Harold reined his big blue roan gelding in as I caught up, so he could remind me this was Granddaddy's old farm land. I imagine he has some memories and left plenty of footprints on that land as well, because he and his brothers were good friends with my Dad and HIS brothers.
That's something that time, nor events, can ever change. Memories are forever in our hearts, no matter how many fancy houses, crowded subdivisions, or concrete pads and driveways come around.
BJ seemed to enjoy himself as we browsed around those woods. I was on the phone with my Mom for a minute, calling to tell her where I was, because she has plenty of memories left behind in those woods herself. She jokingly told me to look for the tree where she carved her and my Dad's initials, but I never found it.
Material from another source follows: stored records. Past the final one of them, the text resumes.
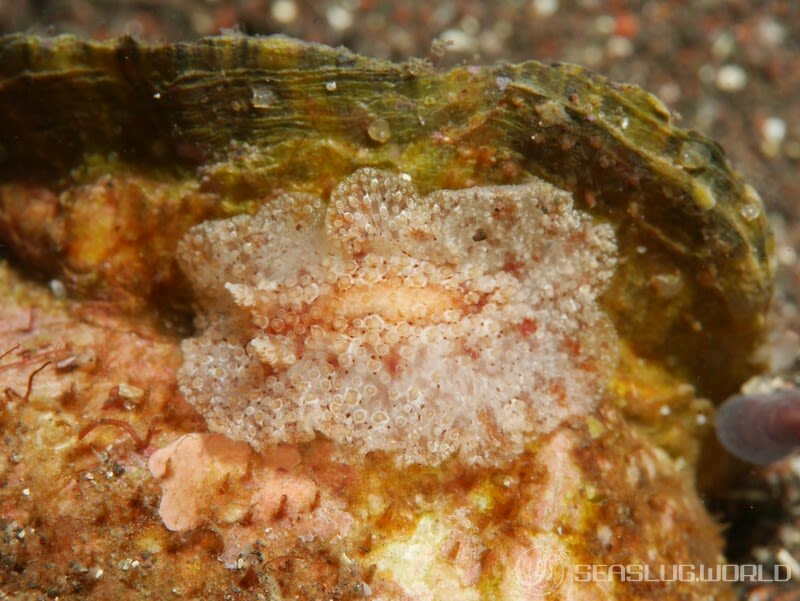 センリョウウミウシ Carminodoris bifurcata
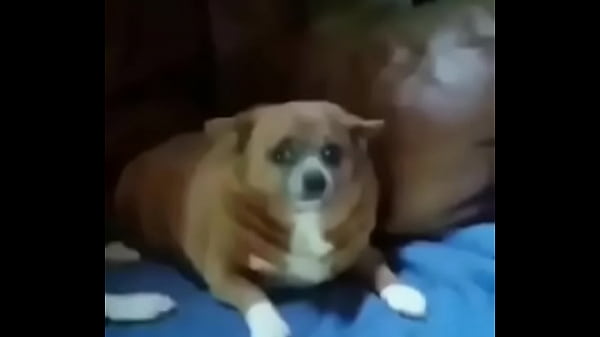 Vídeo de verificación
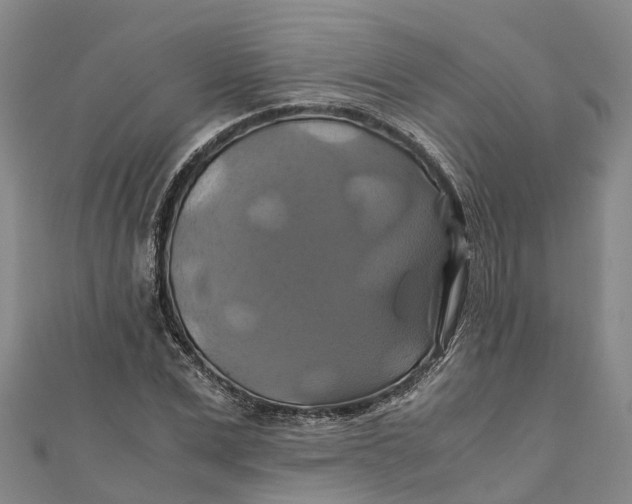 X0000110990975200907101427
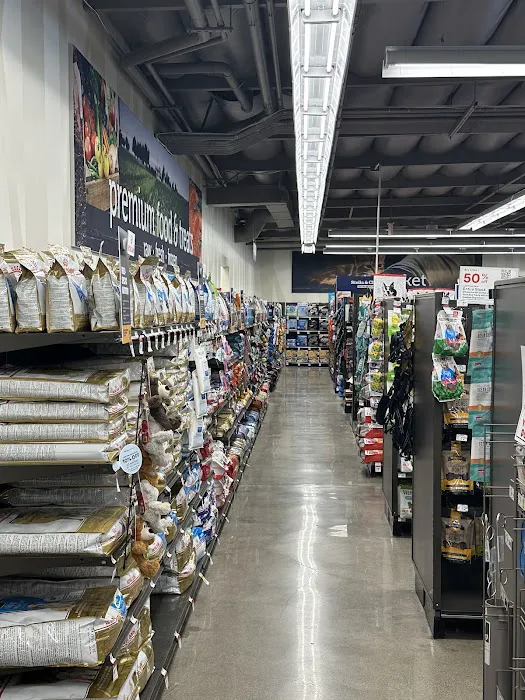 Petco Picture 5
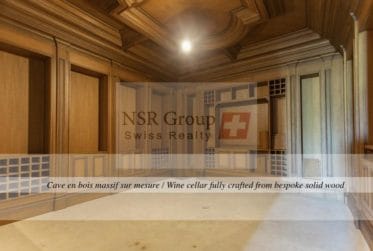 Magnifique villa avec guest house, infinity pool de 25m et terrain de 10'000 m²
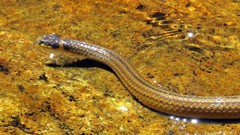 Elapomorphus quinquelineatus
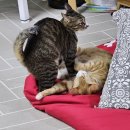 만세의료기 이미지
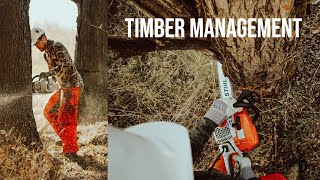 HOW TO GIRDLE a tree and create better DEER BEDDING TIMBER MANAGEMENT [upl. by Berl]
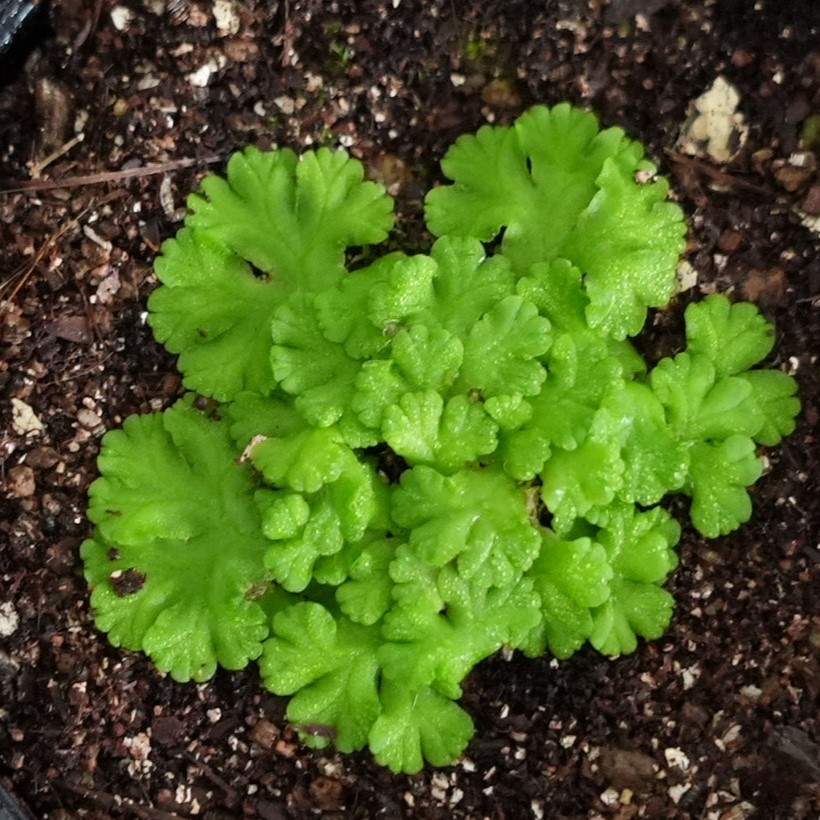 コケ図鑑 | 苔テラリウム専門サイト|道草michikusa | 苔テラリウム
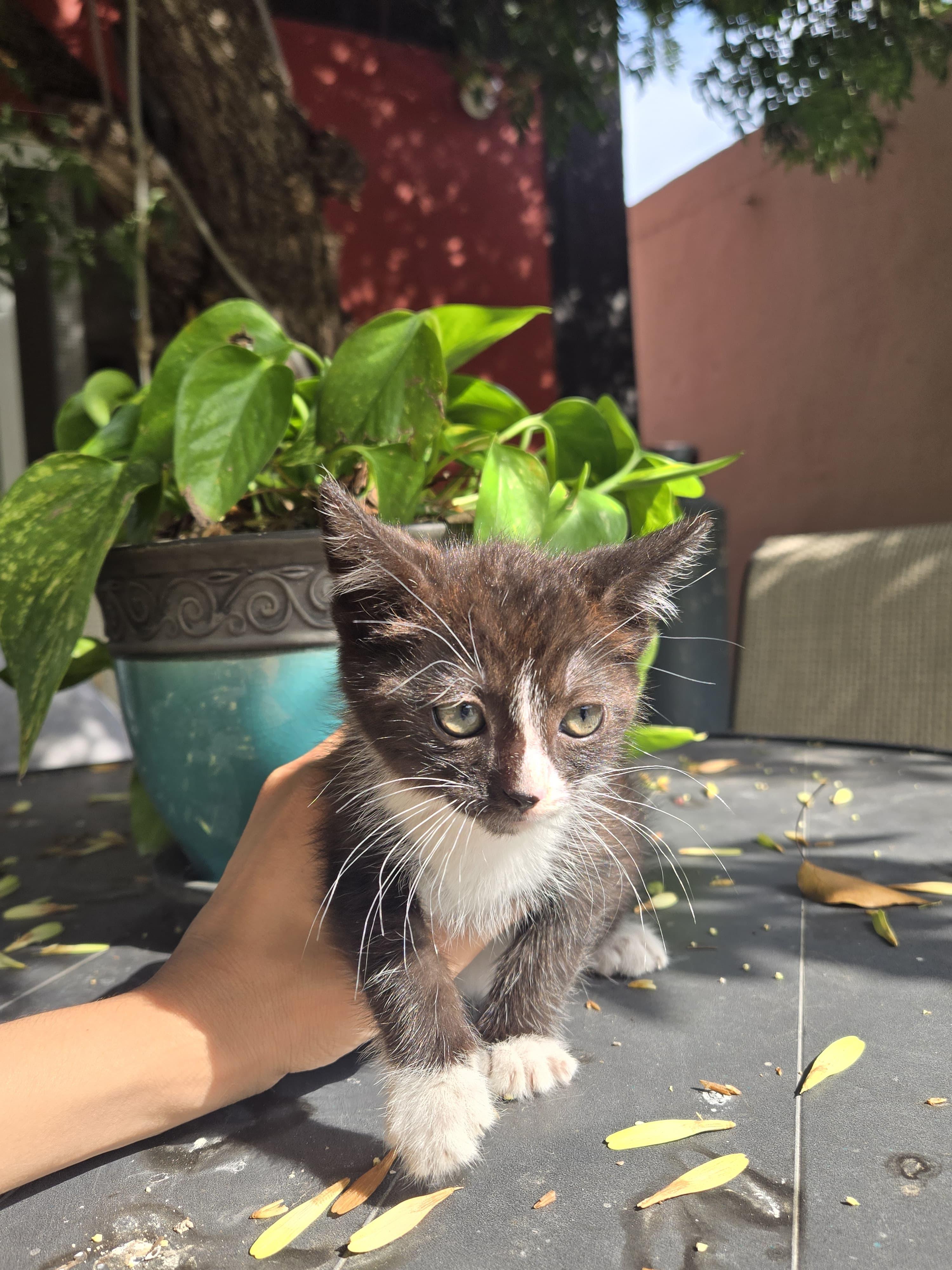 milo, a Adoptable mixed breed in Tijuana, BCN image 3/6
It was during that brief conversation with Mom that BJ stepped into a bog hole, the silly rascal. At least he did not lie down to roll with me like Ghost did Nancy. I heard her holler, looked over and the big gray Thoroughbred gelding was flat on his side, Nancy's leg underneath. It was a good thing we were in a soft, recently plowed field, or she could have been hurt. As it were, we all had a good laugh.
It had been way too long since I saddled up and spent time in the woods. If someone could bottle the essence of a trail ride through beautiful, wild land, it would outsell Prozac. I closed my eyes and breathed in the peace and nature as BJ's easy gait rocked me into relaxation.
The arrival back at camp came too early, but it was fun to meet new people, talk about new horses, and watch as Harold gave an impromptu lesson on barrel racing. I enjoyed getting to know his lady friend Marsha and feel as if I've made some new "horse friends" after the adventure.
There is nothing like being on the back of a horse, out in God's creation. There is nothing like being with like-minded people whose morals and values and spirits are kin to your own.
Thanks, Harold and Marsha, for a great time and for the trial ride down Memory Lane. See ya next ride.